The amount by which the interest rate charged on an ARM can change from one change date to the next (or over the entire life of the loan) is typically limited by what are called “caps”. There are “per change caps” and “lifetime caps”. The “per change cap” limits the amount by which the interest rate can be increased or decreased from one change date to the next. Thus, in our example, if an ARM has a “per change cap” of 2 and adjusted annually, the new interest rate on the first change date would be 8.25%, even though the fully indexed rate might be 9.77%. This is because the rate can never increase by more than 2 percentage points on any one change date. The maximum possible interest rate on an ARM is determined by the “lifetime cap.” Thus, if an ARM has a lifetime cap of 6 percentage points and a start rate of 6.25%, the maximum interest rate to which the loan could increase would be 12.25% (6 percentage points greater than the start rate of 6.25%). Caps are often expressed as two consecutive numbers (e.g. 2/6). The first number refers to the “per change cap” and the second to the “lifetime cap”.
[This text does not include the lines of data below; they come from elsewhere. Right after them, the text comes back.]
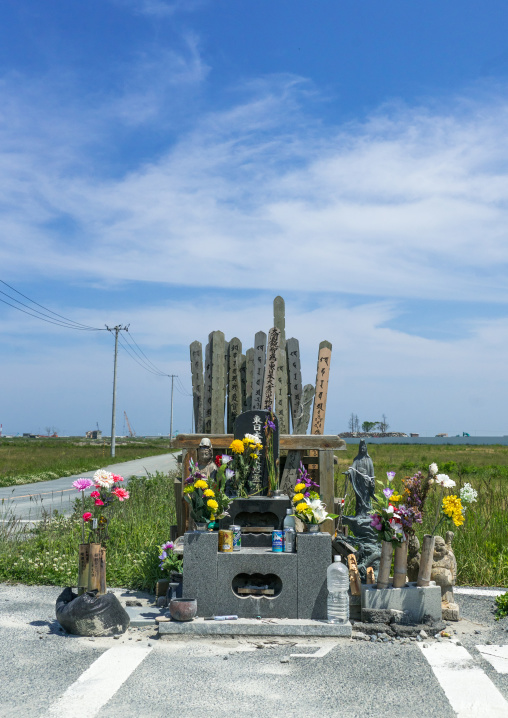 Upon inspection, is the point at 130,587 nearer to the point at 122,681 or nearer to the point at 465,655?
the point at 122,681

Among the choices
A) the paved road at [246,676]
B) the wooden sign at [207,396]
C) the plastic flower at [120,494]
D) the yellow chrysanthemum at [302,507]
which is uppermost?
the wooden sign at [207,396]

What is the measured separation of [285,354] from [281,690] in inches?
248

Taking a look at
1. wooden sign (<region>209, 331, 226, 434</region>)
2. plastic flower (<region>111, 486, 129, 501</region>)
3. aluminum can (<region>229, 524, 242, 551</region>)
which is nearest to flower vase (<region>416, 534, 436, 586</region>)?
aluminum can (<region>229, 524, 242, 551</region>)

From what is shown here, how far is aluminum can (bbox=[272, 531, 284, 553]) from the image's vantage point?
22.9 feet

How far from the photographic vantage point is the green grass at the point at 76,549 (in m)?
8.52

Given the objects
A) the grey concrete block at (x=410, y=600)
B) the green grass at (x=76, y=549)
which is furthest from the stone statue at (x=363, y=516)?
Result: the green grass at (x=76, y=549)

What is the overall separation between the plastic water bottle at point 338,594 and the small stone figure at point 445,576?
1.20 meters

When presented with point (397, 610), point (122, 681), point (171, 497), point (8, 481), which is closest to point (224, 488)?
point (397, 610)

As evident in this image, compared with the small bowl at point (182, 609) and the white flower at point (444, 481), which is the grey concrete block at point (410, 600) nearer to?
Answer: the white flower at point (444, 481)

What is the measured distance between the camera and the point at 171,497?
13.9 metres

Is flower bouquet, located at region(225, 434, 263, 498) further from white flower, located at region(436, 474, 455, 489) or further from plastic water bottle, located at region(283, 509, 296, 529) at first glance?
white flower, located at region(436, 474, 455, 489)

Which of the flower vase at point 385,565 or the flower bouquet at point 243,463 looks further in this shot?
the flower bouquet at point 243,463

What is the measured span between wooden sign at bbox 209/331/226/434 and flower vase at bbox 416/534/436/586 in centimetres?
452

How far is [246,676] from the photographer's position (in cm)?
532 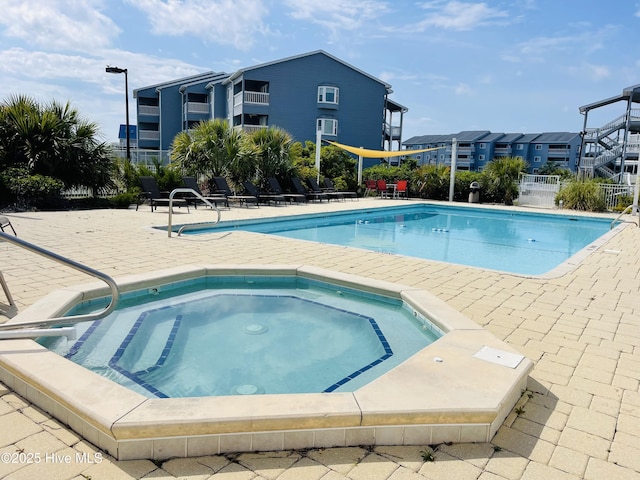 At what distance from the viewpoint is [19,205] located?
472 inches

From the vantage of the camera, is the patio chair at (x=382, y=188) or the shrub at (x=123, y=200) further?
the patio chair at (x=382, y=188)

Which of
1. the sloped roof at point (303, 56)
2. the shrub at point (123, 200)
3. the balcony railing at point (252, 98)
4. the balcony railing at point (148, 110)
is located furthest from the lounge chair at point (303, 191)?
the balcony railing at point (148, 110)

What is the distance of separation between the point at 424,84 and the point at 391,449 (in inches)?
1091

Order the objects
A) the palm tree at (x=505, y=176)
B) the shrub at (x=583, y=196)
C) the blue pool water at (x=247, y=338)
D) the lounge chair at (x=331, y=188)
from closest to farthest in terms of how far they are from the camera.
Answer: the blue pool water at (x=247, y=338), the shrub at (x=583, y=196), the lounge chair at (x=331, y=188), the palm tree at (x=505, y=176)

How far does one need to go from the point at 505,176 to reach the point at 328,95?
14624mm

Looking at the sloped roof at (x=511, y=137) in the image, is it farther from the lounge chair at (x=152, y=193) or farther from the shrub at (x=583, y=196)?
the lounge chair at (x=152, y=193)

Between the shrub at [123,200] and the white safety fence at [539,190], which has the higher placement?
the white safety fence at [539,190]

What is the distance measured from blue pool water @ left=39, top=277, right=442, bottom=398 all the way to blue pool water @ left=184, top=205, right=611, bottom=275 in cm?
407

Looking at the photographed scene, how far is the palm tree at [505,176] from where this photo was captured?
1928cm

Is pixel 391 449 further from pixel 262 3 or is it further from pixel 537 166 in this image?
pixel 537 166

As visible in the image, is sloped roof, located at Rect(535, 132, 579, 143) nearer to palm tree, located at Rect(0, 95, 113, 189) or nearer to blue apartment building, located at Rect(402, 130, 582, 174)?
blue apartment building, located at Rect(402, 130, 582, 174)

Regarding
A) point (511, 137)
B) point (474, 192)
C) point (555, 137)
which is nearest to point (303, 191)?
point (474, 192)

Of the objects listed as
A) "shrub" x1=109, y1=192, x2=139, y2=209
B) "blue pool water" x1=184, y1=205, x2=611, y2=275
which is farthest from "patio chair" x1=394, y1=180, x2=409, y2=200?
"shrub" x1=109, y1=192, x2=139, y2=209

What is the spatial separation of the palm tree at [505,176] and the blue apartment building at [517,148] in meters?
40.1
The following example indicates how the interest rate on an ARM would be determined during the first few years of the loan’s term. We will assume that the index on the ARM in our example is the 11th District Cost of Funds (COFI) and that the interest rate adjusts every 6 months. The note evidencing the loan is executed on December 25, 2003 with a first payment due on February 1, 2004. The note provides that the first change date is on June 1, 2004 with a change date occuring on the 1st day of the month every six months thereafter. In this instance the first 6 change dates would be on June 1, 2004, December 1, 2004, June 1, 2005, December 1, 2005, etc. The note has a start rate of 6.50% and caps of 1/6. The margin is 2.750%. From the date the note is executed until June 1, 2004 the note would bear interest at the rate of 6.50%. We will assume that the COFI (Cost of Funds Index) goes up from its current level to 5.387% on June 1, 2004. The indexed rate on June 1, 2004 would be 8.137%. The 1% “per change” cap would, however, limit the new interest rate to 7.500% (1 percentage point over the existing rate). If on the second change date the COFI has declined back to 4.387%. The fully indexed rate would be 7.137%. Because the existing rate of 7.500% is less than one percentage point more than the fully indexed rate, the “per change cap” would have no effect on the second change date. Accordingly, the rate on the second change date would be the fully indexed rate of 7.137%. If the COFI eventually climbed to 10%, the fully indexed rate would be 12.75%. But the lifetime cap of 12.50% would prohibit the rate from changing to that high rate. The rate on that change date would be limited to 12.50% (the life capped rate).

On some adjustable rate mortgages you can elect a “conversion option” which will allow you to convert the ARM to a fixed-rate mortgage (at the prevailing 30 year interest rate at the time of the conversion) for a nominal conversion fee. The option must typically be exercised between the 13th and 60th month of the mortgage.